そう、あれは私が高校に入学して間もない頃。
部活も入っていなかった私は学校が終わり家に帰ろうと駅を着いたとき、有名な不良高校の男子に絡まれてしまったことから始まる。
高校の制服を覚えているから避けようと思えば避けれたけれど、試験終わりの疲れからぼーとしていたこともあって、気が付けば身に覚えない男三人組に囲まれていた。

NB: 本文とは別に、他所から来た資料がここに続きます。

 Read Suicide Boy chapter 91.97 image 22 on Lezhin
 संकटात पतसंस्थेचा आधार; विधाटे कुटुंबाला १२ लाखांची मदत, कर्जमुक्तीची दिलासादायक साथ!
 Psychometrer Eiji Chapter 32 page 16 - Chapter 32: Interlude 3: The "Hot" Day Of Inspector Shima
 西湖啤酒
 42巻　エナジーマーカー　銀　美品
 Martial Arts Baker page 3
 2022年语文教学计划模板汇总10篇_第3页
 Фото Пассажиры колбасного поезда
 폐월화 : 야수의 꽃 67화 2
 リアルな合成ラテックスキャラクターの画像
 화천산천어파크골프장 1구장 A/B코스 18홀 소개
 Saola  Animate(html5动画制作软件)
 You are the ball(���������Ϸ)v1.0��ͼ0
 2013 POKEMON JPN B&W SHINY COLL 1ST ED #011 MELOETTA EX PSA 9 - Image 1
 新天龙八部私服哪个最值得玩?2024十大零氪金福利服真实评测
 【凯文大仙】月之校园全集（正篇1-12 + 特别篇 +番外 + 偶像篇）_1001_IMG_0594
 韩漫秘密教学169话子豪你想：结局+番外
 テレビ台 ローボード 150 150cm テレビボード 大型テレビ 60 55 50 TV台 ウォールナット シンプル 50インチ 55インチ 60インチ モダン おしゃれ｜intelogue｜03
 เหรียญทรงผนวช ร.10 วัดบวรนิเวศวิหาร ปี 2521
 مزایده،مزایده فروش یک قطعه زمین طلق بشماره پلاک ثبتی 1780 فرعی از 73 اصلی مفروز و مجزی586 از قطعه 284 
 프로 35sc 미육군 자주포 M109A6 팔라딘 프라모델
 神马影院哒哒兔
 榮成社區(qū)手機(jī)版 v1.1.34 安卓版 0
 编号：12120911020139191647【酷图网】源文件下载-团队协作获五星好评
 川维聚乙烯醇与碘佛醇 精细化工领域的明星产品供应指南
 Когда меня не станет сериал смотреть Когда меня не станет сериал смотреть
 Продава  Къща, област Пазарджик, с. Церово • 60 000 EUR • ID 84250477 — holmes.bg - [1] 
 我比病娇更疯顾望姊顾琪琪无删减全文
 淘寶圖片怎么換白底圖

夕方の人通りが多いところで絡まれたが、周りの人は見て見ぬふりで去っていく。
「あれ、もしかしてまだ高校生になったばっかり?」
「かーわい、初々しいねぇ」
「ちょっと、俺たちと一緒に遊んでいかね?」
髪の毛が赤、黄、青……ってお前ら信号機かよ!?、なんて自分にしては秀才過ぎるツッコミを心の中のみで済ませた。
ていうかこれってナンパですか!? 高校生になったらナンパされるんですか!? 聞いてないですけど!
なんて考えている場合でもないらしく、彼らの言葉に耳を貸さず無視していると一人の男が私の右腕を掴んだ。
「そうだ、カラオケに行こ! 俺の美声に酔わせてやるよ」
「おまっ、美声って! 鼻声の間違いだろ!」
「おいおい、馬鹿にすんなよ!」
美声が鼻声って、不良校の生徒にしては面白い洒落を思いつくものだ。
ゲラゲラと下品な笑い声をあげる三人組に私も呆れたような笑みを零す。今私から目を離している今が逃げ時なのかもしれない。